I am trying to use kernel density smoothing to map the intensity of possible pest escape from vehicle traffic. Each route has been broken down into straight lines with each line having an integer attribute for the number of times the segment was travelled upon. However, when I use this attribute as the weight in kernel density smoothing, the weights don't seem to be used.

I've created a simplified reprex below with two abutting straight lines. Can anyone explain to me how I can make density.psp() account for the fact that one segment has an attribute 2x the magnitude of the other?

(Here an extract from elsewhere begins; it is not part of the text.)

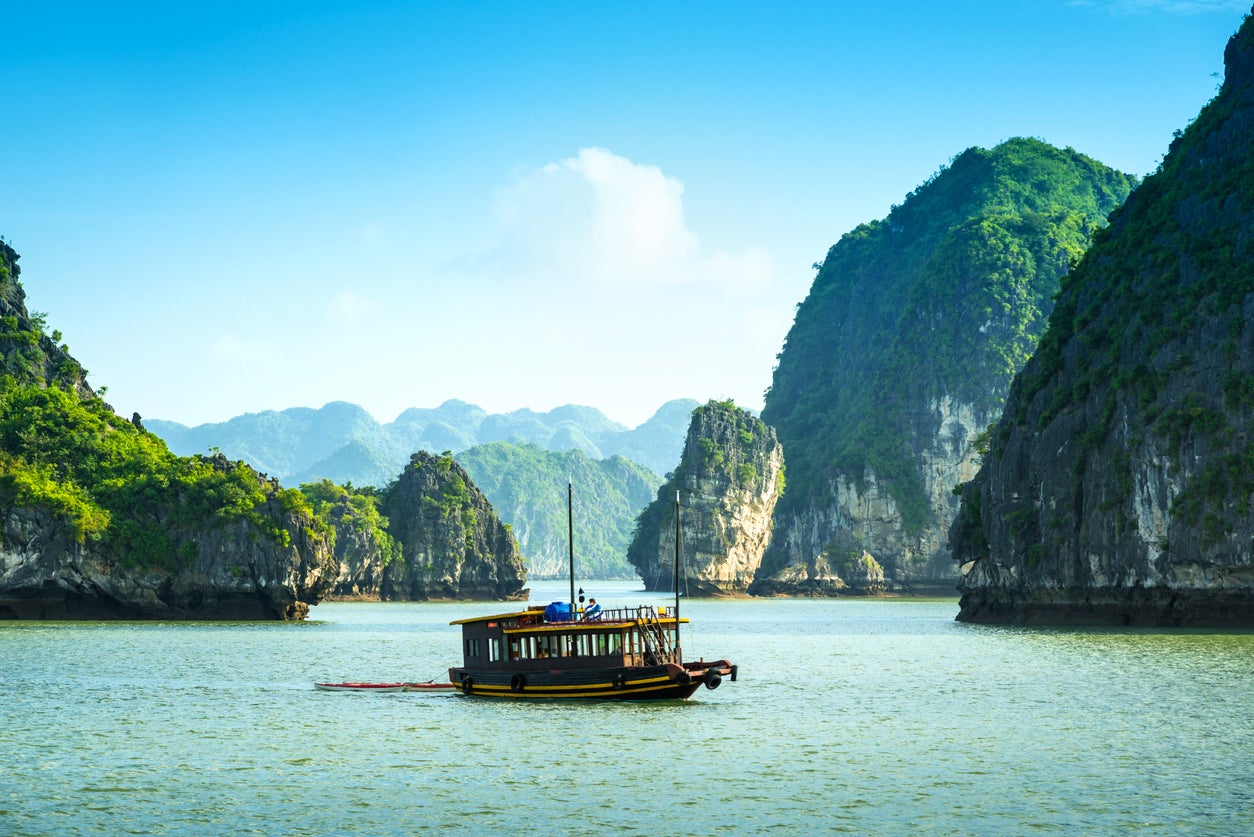 Best time to visit Vietnam and Explore How beautiful this country is!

Many thanks for your help,

Josh

    # Load packages 
    library(spatstat)
    
    # Create the data frame. Note that coordinates are projected to the
    # North America Lambert Conformal Conic system. https://epsg.io/102009
    my_lines <- data.frame(
      fx = c(1252365.22479882, 1233600.0015391),
      fy = c(510853.438463705, 626675.859171899),
      tx = c(1233600.0015391, 1218256.03484937),
      ty = c(626675.859171899, 721347.256108354),
      attrib = c(100, 50)
    ) 
    
    # Creat the observation window
    my_owin <- owin(
      xrange = c(1200000, 1270000),
      yrange = c(500000,  730000)
    ) 
    
    # Create the psp object with 'attrib' as the mark. 
    my_psp <- psp(
      x0 = my_lines$fx, y0 = my_lines$fy,
      x1 = my_lines$tx, y1 = my_lines$ty,
      window = my_owin, marks = my_lines$attrib
    )
    
    # Create the KDS image with 'attrib' as the weights
    kdi_image_weighted <-
      density.psp(
        my_psp,
        kernel = "gaussian",
        sigma = 4000,
        weights = my_psp$attrib,
        edge = FALSE
      )
    
    # Create the KDS image without weights
    kdi_image_unweighted <-
      density.psp(
        my_psp,
        kernel = "gaussian",
        sigma = 4000,
        edge = FALSE
      )
    
    # Plot the weighted and unweighted KDS images. Note that they are the same 
    # despite one being weighted. 
    plot(kdi_image_weighted) 
    plot(kdi_image_unweighted)

comparison of weighted and unweighted KDI images. Note that they are seemingly identical


Solution

  • Short answer:

    Use marks() to extract the mark values from an object in the spatstat package. Example:

     Z <- density(my_psp, weights=marks(my_psp))
    

    Long answer:

    This problem is not related to the function density.psp.

    Firstly there is a misunderstanding about names of objects. In your example, an object my_psp is created as psp(.... marks=my_lines$attrib). Then the subsequent code expects my_psp to contain an element my_psp$attrib. This is not how evaluation works in R.

    When you type the command psp(...., marks=my_lines$attrib), the expression my_lines$attrib will be evaluated (by extracting the element called attrib from the object my_lines). After evaluating these data, the system forgets where it got the data from; the name attrib is forgotten. The resulting data (that was stored in my_lines$attrib) will be passed to the function psp as the argument marks.

    Secondly you are using the $ operator to extract data from an object (in this case an object of class "psp" in the spatstat package). This is OK for simple objects such as lists, but for objects created by packages it is unsafe, because the internal structure could change when the package is updated.

    Your example code expects the object my_psp to contain an element with a particular name, but there's no reason why it should. The function psp() creates an object of class "psp" which has some weird internal structure, described in help(psp.object).

    To extract the mark values from an object in the spatstat package, it is currently possible to use $marks, but this could change, and it is strongly recommended to use the function marks().